::: STUDY MATERIAL

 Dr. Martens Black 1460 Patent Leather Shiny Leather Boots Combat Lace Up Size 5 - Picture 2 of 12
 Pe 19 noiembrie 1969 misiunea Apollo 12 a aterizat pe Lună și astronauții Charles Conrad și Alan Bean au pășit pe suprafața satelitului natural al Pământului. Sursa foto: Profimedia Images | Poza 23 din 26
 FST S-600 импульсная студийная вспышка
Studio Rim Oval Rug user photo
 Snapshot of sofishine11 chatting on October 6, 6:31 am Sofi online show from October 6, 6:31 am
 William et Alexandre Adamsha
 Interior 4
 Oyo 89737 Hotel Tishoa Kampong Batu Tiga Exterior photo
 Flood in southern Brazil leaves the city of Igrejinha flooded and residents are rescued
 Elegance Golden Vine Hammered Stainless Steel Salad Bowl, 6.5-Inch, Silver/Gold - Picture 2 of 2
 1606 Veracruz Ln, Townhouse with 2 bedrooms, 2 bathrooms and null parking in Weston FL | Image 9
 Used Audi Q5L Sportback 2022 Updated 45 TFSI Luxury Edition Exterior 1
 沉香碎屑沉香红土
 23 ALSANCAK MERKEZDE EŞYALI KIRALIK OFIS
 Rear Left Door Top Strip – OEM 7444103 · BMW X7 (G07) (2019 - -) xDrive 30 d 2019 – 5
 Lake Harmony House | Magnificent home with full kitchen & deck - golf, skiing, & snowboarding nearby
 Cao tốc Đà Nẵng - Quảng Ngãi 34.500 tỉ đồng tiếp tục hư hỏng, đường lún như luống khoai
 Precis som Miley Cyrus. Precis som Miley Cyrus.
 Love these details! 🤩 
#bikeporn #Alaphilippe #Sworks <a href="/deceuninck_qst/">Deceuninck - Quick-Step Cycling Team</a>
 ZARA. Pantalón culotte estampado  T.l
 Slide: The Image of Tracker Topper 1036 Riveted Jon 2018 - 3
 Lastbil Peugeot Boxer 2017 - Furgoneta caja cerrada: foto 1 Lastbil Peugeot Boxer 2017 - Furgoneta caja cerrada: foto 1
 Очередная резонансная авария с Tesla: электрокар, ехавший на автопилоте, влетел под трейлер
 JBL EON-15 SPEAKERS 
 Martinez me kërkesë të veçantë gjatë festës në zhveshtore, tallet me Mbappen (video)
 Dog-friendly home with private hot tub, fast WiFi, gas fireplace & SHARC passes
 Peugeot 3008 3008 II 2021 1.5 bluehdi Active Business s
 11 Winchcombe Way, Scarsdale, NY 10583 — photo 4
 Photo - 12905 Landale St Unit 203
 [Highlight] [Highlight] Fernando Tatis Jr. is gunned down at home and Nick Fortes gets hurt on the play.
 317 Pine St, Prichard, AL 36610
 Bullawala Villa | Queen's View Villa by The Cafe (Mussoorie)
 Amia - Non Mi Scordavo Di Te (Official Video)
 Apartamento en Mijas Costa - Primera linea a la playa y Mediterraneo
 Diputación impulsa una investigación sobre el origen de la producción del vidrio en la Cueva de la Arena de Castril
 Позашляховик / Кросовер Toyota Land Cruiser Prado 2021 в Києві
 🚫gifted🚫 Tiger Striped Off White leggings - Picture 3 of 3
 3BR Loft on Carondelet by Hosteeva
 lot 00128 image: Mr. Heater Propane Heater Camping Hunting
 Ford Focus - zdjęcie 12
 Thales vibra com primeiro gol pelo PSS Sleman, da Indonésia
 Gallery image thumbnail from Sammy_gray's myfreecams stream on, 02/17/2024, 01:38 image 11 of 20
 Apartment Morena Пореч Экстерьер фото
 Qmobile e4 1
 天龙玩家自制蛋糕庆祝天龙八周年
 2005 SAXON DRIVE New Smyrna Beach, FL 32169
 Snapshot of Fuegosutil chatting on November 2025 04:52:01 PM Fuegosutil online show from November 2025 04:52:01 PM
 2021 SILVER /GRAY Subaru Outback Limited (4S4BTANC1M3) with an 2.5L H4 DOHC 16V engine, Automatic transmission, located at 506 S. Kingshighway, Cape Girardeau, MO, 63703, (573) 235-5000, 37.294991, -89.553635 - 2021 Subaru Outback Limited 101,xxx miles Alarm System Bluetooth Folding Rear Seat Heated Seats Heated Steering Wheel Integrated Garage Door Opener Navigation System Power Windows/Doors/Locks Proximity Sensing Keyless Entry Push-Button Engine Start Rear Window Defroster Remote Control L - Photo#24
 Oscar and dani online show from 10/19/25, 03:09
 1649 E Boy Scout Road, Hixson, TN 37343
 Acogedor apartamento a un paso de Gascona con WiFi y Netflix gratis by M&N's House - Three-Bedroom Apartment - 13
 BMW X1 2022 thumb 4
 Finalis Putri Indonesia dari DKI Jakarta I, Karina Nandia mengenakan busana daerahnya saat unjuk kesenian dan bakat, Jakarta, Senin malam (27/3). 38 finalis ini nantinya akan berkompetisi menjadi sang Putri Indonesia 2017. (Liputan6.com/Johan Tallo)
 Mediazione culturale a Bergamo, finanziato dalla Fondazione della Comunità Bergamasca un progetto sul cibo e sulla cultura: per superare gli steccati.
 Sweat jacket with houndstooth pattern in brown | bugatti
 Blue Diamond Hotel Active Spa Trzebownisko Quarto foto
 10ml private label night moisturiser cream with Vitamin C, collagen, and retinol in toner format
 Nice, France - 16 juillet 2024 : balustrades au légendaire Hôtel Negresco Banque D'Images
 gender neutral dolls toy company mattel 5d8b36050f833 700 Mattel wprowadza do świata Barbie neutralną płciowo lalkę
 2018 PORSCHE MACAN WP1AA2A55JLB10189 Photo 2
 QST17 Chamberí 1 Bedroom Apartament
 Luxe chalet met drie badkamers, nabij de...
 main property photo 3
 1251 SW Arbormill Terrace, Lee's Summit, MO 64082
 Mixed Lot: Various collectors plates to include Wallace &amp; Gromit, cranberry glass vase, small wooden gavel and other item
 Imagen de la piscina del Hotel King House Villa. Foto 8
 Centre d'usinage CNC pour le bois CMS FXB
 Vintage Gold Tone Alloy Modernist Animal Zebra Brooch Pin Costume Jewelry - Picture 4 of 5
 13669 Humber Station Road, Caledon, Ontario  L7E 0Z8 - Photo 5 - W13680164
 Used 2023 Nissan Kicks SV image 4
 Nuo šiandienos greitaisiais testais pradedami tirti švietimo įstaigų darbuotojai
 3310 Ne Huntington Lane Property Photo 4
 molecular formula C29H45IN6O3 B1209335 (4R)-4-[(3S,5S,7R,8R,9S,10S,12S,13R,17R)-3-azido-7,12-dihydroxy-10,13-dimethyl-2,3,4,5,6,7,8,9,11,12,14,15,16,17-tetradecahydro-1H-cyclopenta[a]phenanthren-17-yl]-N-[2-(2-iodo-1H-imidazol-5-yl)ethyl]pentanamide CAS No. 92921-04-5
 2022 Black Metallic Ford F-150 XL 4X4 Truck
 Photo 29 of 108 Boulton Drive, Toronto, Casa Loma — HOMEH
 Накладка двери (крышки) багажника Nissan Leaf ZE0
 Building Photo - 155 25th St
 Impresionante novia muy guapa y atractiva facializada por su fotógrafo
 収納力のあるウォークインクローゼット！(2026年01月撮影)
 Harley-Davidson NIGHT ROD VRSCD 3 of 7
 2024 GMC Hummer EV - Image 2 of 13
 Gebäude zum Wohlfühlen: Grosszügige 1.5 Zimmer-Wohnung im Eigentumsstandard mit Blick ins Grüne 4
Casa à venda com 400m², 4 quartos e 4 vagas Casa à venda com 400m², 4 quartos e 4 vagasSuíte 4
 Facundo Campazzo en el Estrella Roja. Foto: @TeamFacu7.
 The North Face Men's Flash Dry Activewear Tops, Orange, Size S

::::::

Please make an exact copy of the entries, down to the last character.

 Dr. Martens Black 1460 Patent Leather Shiny Leather Boots Combat Lace Up Size 5 - Picture 2 of 12
 Pe 19 noiembrie 1969 misiunea Apollo 12 a aterizat pe Lună și astronauții Charles Conrad și Alan Bean au pășit pe suprafața satelitului natural al Pământului. Sursa foto: Profimedia Images | Poza 23 din 26
 FST S-600 импульсная студийная вспышка
Studio Rim Oval Rug user photo
 Snapshot of sofishine11 chatting on October 6, 6:31 am Sofi online show from October 6, 6:31 am
 William et Alexandre Adamsha
 Interior 4
 Oyo 89737 Hotel Tishoa Kampong Batu Tiga Exterior photo
 Flood in southern Brazil leaves the city of Igrejinha flooded and residents are rescued
 Elegance Golden Vine Hammered Stainless Steel Salad Bowl, 6.5-Inch, Silver/Gold - Picture 2 of 2
 1606 Veracruz Ln, Townhouse with 2 bedrooms, 2 bathrooms and null parking in Weston FL | Image 9
 Used Audi Q5L Sportback 2022 Updated 45 TFSI Luxury Edition Exterior 1
 沉香碎屑沉香红土
 23 ALSANCAK MERKEZDE EŞYALI KIRALIK OFIS
 Rear Left Door Top Strip – OEM 7444103 · BMW X7 (G07) (2019 - -) xDrive 30 d 2019 – 5
 Lake Harmony House | Magnificent home with full kitchen & deck - golf, skiing, & snowboarding nearby
 Cao tốc Đà Nẵng - Quảng Ngãi 34.500 tỉ đồng tiếp tục hư hỏng, đường lún như luống khoai
 Precis som Miley Cyrus. Precis som Miley Cyrus.
 Love these details! 🤩 
#bikeporn #Alaphilippe #Sworks <a href="/deceuninck_qst/">Deceuninck - Quick-Step Cycling Team</a>
 ZARA. Pantalón culotte estampado  T.l
 Slide: The Image of Tracker Topper 1036 Riveted Jon 2018 - 3
 Lastbil Peugeot Boxer 2017 - Furgoneta caja cerrada: foto 1 Lastbil Peugeot Boxer 2017 - Furgoneta caja cerrada: foto 1
 Очередная резонансная авария с Tesla: электрокар, ехавший на автопилоте, влетел под трейлер
 JBL EON-15 SPEAKERS 
 Martinez me kërkesë të veçantë gjatë festës në zhveshtore, tallet me Mbappen (video)
 Dog-friendly home with private hot tub, fast WiFi, gas fireplace & SHARC passes
 Peugeot 3008 3008 II 2021 1.5 bluehdi Active Business s
 11 Winchcombe Way, Scarsdale, NY 10583 — photo 4
 Photo - 12905 Landale St Unit 203
 [Highlight] [Highlight] Fernando Tatis Jr. is gunned down at home and Nick Fortes gets hurt on the play.
 317 Pine St, Prichard, AL 36610
 Bullawala Villa | Queen's View Villa by The Cafe (Mussoorie)
 Amia - Non Mi Scordavo Di Te (Official Video)
 Apartamento en Mijas Costa - Primera linea a la playa y Mediterraneo
 Diputación impulsa una investigación sobre el origen de la producción del vidrio en la Cueva de la Arena de Castril
 Позашляховик / Кросовер Toyota Land Cruiser Prado 2021 в Києві
 🚫gifted🚫 Tiger Striped Off White leggings - Picture 3 of 3
 3BR Loft on Carondelet by Hosteeva
 lot 00128 image: Mr. Heater Propane Heater Camping Hunting
 Ford Focus - zdjęcie 12
 Thales vibra com primeiro gol pelo PSS Sleman, da Indonésia
 Gallery image thumbnail from Sammy_gray's myfreecams stream on, 02/17/2024, 01:38 image 11 of 20
 Apartment Morena Пореч Экстерьер фото
 Qmobile e4 1
 天龙玩家自制蛋糕庆祝天龙八周年
 2005 SAXON DRIVE New Smyrna Beach, FL 32169
 Snapshot of Fuegosutil chatting on November 2025 04:52:01 PM Fuegosutil online show from November 2025 04:52:01 PM
 2021 SILVER /GRAY Subaru Outback Limited (4S4BTANC1M3) with an 2.5L H4 DOHC 16V engine, Automatic transmission, located at 506 S. Kingshighway, Cape Girardeau, MO, 63703, (573) 235-5000, 37.294991, -89.553635 - 2021 Subaru Outback Limited 101,xxx miles Alarm System Bluetooth Folding Rear Seat Heated Seats Heated Steering Wheel Integrated Garage Door Opener Navigation System Power Windows/Doors/Locks Proximity Sensing Keyless Entry Push-Button Engine Start Rear Window Defroster Remote Control L - Photo#24
 Oscar and dani online show from 10/19/25, 03:09
 1649 E Boy Scout Road, Hixson, TN 37343
 Acogedor apartamento a un paso de Gascona con WiFi y Netflix gratis by M&N's House - Three-Bedroom Apartment - 13
 BMW X1 2022 thumb 4
 Finalis Putri Indonesia dari DKI Jakarta I, Karina Nandia mengenakan busana daerahnya saat unjuk kesenian dan bakat, Jakarta, Senin malam (27/3). 38 finalis ini nantinya akan berkompetisi menjadi sang Putri Indonesia 2017. (Liputan6.com/Johan Tallo)
 Mediazione culturale a Bergamo, finanziato dalla Fondazione della Comunità Bergamasca un progetto sul cibo e sulla cultura: per superare gli steccati.
 Sweat jacket with houndstooth pattern in brown | bugatti
 Blue Diamond Hotel Active Spa Trzebownisko Quarto foto
 10ml private label night moisturiser cream with Vitamin C, collagen, and retinol in toner format
 Nice, France - 16 juillet 2024 : balustrades au légendaire Hôtel Negresco Banque D'Images
 gender neutral dolls toy company mattel 5d8b36050f833 700 Mattel wprowadza do świata Barbie neutralną płciowo lalkę
 2018 PORSCHE MACAN WP1AA2A55JLB10189 Photo 2
 QST17 Chamberí 1 Bedroom Apartament
 Luxe chalet met drie badkamers, nabij de...
 main property photo 3
 1251 SW Arbormill Terrace, Lee's Summit, MO 64082
 Mixed Lot: Various collectors plates to include Wallace &amp; Gromit, cranberry glass vase, small wooden gavel and other item
 Imagen de la piscina del Hotel King House Villa. Foto 8
 Centre d'usinage CNC pour le bois CMS FXB
 Vintage Gold Tone Alloy Modernist Animal Zebra Brooch Pin Costume Jewelry - Picture 4 of 5
 13669 Humber Station Road, Caledon, Ontario  L7E 0Z8 - Photo 5 - W13680164
 Used 2023 Nissan Kicks SV image 4
 Nuo šiandienos greitaisiais testais pradedami tirti švietimo įstaigų darbuotojai
 3310 Ne Huntington Lane Property Photo 4
 molecular formula C29H45IN6O3 B1209335 (4R)-4-[(3S,5S,7R,8R,9S,10S,12S,13R,17R)-3-azido-7,12-dihydroxy-10,13-dimethyl-2,3,4,5,6,7,8,9,11,12,14,15,16,17-tetradecahydro-1H-cyclopenta[a]phenanthren-17-yl]-N-[2-(2-iodo-1H-imidazol-5-yl)ethyl]pentanamide CAS No. 92921-04-5
 2022 Black Metallic Ford F-150 XL 4X4 Truck
 Photo 29 of 108 Boulton Drive, Toronto, Casa Loma — HOMEH
 Накладка двери (крышки) багажника Nissan Leaf ZE0
 Building Photo - 155 25th St
 Impresionante novia muy guapa y atractiva facializada por su fotógrafo
 収納力のあるウォークインクローゼット！(2026年01月撮影)
 Harley-Davidson NIGHT ROD VRSCD 3 of 7
 2024 GMC Hummer EV - Image 2 of 13
 Gebäude zum Wohlfühlen: Grosszügige 1.5 Zimmer-Wohnung im Eigentumsstandard mit Blick ins Grüne 4
Casa à venda com 400m², 4 quartos e 4 vagas Casa à venda com 400m², 4 quartos e 4 vagasSuíte 4
 Facundo Campazzo en el Estrella Roja. Foto: @TeamFacu7.
 The North Face Men's Flash Dry Activewear Tops, Orange, Size S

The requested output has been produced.